It is clear that unlike a decade ago, the world of servers has changed dramatically.
The increasingly performing and low-cost hardware, the bandwidth always of better quality and amplitude, the "fashion" of high-performance virtualization (Xen, Kvm, Vmware for example), the fierce competition between the ever-increasing Italian and European suppliers , gave the possibility to rent a dedicated one at bargain prices in the order of 50/60 euros per month, and VPS servers from 20 euros (and even less) per month.
With these inviting prerogatives, many "kids" and users have improvised sysadmin overnight and ventured into the configuration and administration of Linux servers.
The experience accumulated in the last six years and the numerous cases that have seen us as solvers of countless (often even serious) problems for our customers has led us to draw a sad conclusion:
"too many users do not have the technical skills to elegantly manage a linux system "
The dangers you might run into in relying on an improvised systems engineer.
This becomes a problem as often on the server managed by the "kid" on duty, there is often a hardening that guarantees the security of the system from attackers, a firewall is missing, an IDS is missing, a tuning of services to optimize performance is lacking. of the server itself, there is no backup and disaster recovery system, and often many wrong choices are made that could lead to annoying downtime and machine downtime, or in the most extreme cases to a partial or total loss of data.
What is most worrying is that this fashion of the "Do-it-yourself system engineer" it is not only rooted in the curious and adventurous psychology of the geek on duty, who chooses this difficult path to host and manage his small personal site, but it is also a trend in force in small and medium-sized businesses where on their dedicated serverino rented for 50 euros per month they run ecommerce which is a vital element for their company as it generates monthly sales and revenues of a few hundred thousand euros.
Unfortunately, there is the unawareness of the risks that are encountered by approaching the management of a linux server without the right technical knowledge, hoping that the good graphic control panel (idiot-proof) like Plesk o cPanel may be the lifeline for the Sunday sysadmin and may be the alternative to years of theoretical and practical studies spent launching weird commands from a text terminal in front of a dollar or pound-shaped cursor (shell unix ed. ).
Surely these "surrogates", which are the control panels, are sufficient to run everything in a rather elegant and functional way, at least until the toy breaks, or is broken by clicking at random to any requests generated by these web control panels.
- How many Plesk users for example updating to a new version found the panel no longer accessible because during the update phase the relative 'servers' table was not created in the mysql db? How do you deal with an error like this: error-message on plesk - when i will create a db-user: Table 'mysql.servers' doesn't exist?
- How many Plesk users for example have naively upgraded from PHP 5.2 to PHP 5.3 to find that their sites no longer work due to the deprecated functions on the new interpreter?
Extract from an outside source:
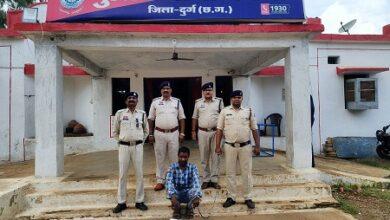 अवैध रूप से गांजा बिक्री करने वाले आरोपी को गिरफ्तार कर 01 किलो 146 ग्राम मादक पदार्थ गांजा एवं बिक्री रकम जप्त 5 अवैध रूप से गांजा बिक्री करने वाले आरोपी को गिरफ्तार कर 01 किलो 146 ग्राम मादक पदार्थ गांजा एवं बिक्री रकम जप्त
What to do next?
These are the cases in which luckily (ours, not theirs) end up contacting us and begging us to solve the problem as quickly as possible (and maybe even at the cost of a pizza).
The average user unfortunately it runs a VPS or a dedicated one he has little computer literacy and ends up becoming slaughterhouse fodderas well as victim and murderer at the same time.
Having a zombie machine and being ignorant of DDOS attacks (distributed attacks) leads in the most frequent cases to being disconnected from the network, up to the most serious cases in which the machine is used as a bridgehead for an attack on another server in network, ad be reported for unauthorized access to the computer system, and in order to demonstrate in court (hand to the wallet for the lawyers and many fine paperwork and formalities to be fulfilled) that you are completely unaware of the affair and that you too are an injured party.
Wouldn't it have been better for the company to invest in qualified personnel by outsourcing the managed management of their server with a negligible cost ranging from 60 to 120 euros per month on average?
Wouldn't it have been better for that company that has lost an entire ecommerce site and the entire customer DB (due to lack of backups and disaster recovery policies) to entrust their business to professional systems engineers?
Wouldn't it have been better for that company that decided to install Fedora Linux to opt for an RPM based system like CentOS that has ten-year development cycles versus Fedora's very short cycles?
Wouldn't it be better if everyone in life did what they know how to do, rather than try their hand at virtuous manipulations that can lead to the failure of a company?